The story of one forgotten Apache Log.

A long time ago in a galaxy far far away, when analyzing a remaining free space on a certain Linux server that served about 50-100 websites of diverse subject matters, it was discovered that an administrator forgot to enable the log rotation of a single website.

Forgot to do it a couple or so years ago. Time passed by, the server worked, as usually, there was plenty of space on modern disks, and the log grew (like a turnip from the children’s fairy tale). When the log caught my eye, I didn’t even want to believe my own eyes.

The file was huge; it occupied more than 135 GB. 135 gigabytes ! of the browsing history. At the same time, less than 40 GB of free space remained at the section. By normal practice, a solution to such an omission is trivial and simple – to delete the oversized file, to send a signal to apache to re-open the files, which will cheerfully continue to write reports about its work to a newly created file; of course, you shouldn’t forget to enable the rotation setting for this file.

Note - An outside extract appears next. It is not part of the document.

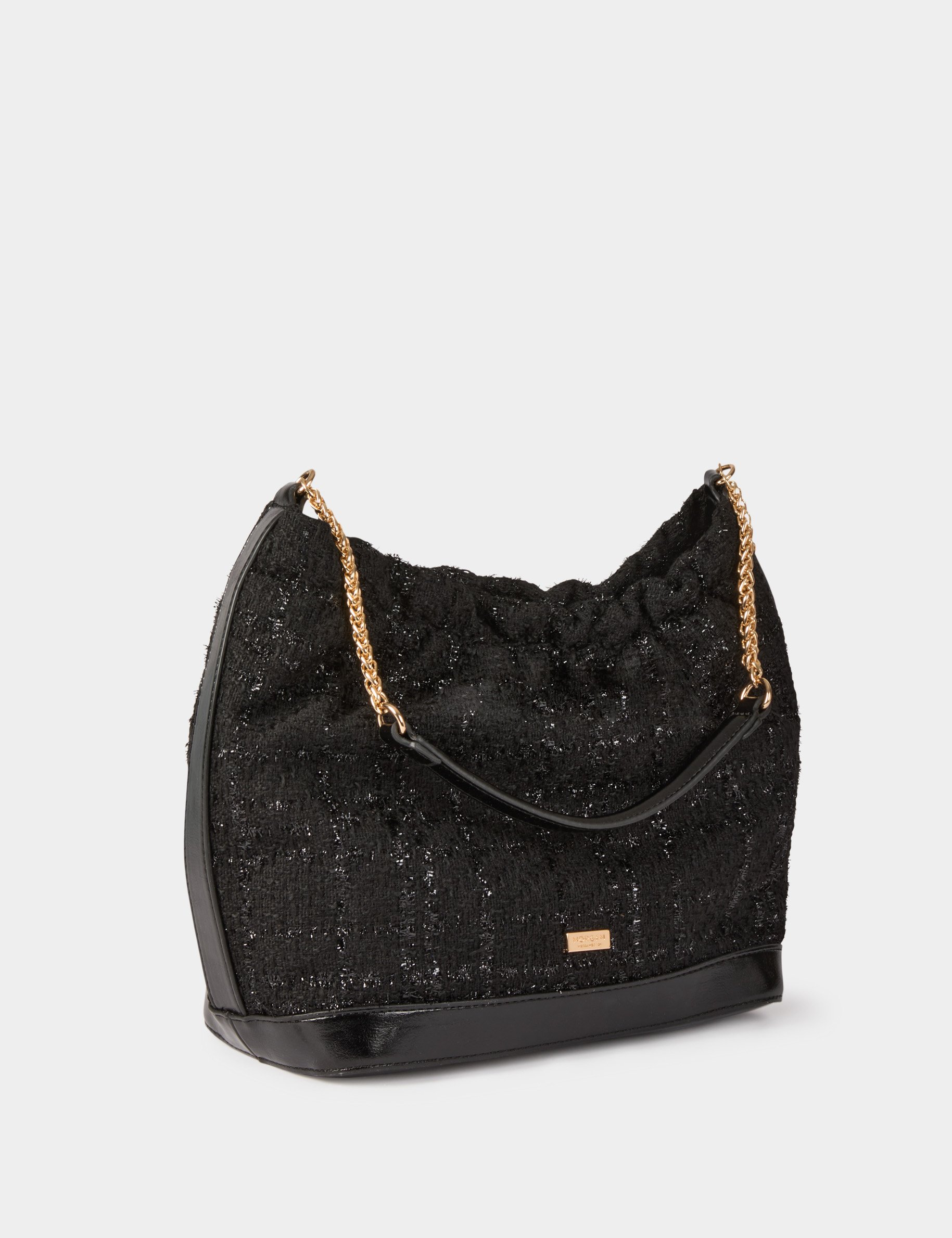 Sac tweed métallisé noir femme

But sometimes, website owners and web developers badly need the information from these very logs. And keeping the Murphy’s law and my previous experience of deleting supposedly useless and suddenly extremely important files in mind, I took on the task of dividing and compressing the file as if the rotation had been enabled, for example, on the monthly basis. A couple of years of logs would look like 24 + N files of compressed archives and 1 file of acceptable size.

First of all, I looked through the standard Linux utilities aimed at something like this; chances are that I’m not the first one to face a similar task and there is a solution – all I had to do is to find it.

Let’s start with the simplest commands and then move on to the “heavy staff”:

  • tail

– tail -n 1500 BIG_BIG_LOGFILE.log would show the last 1500 lines.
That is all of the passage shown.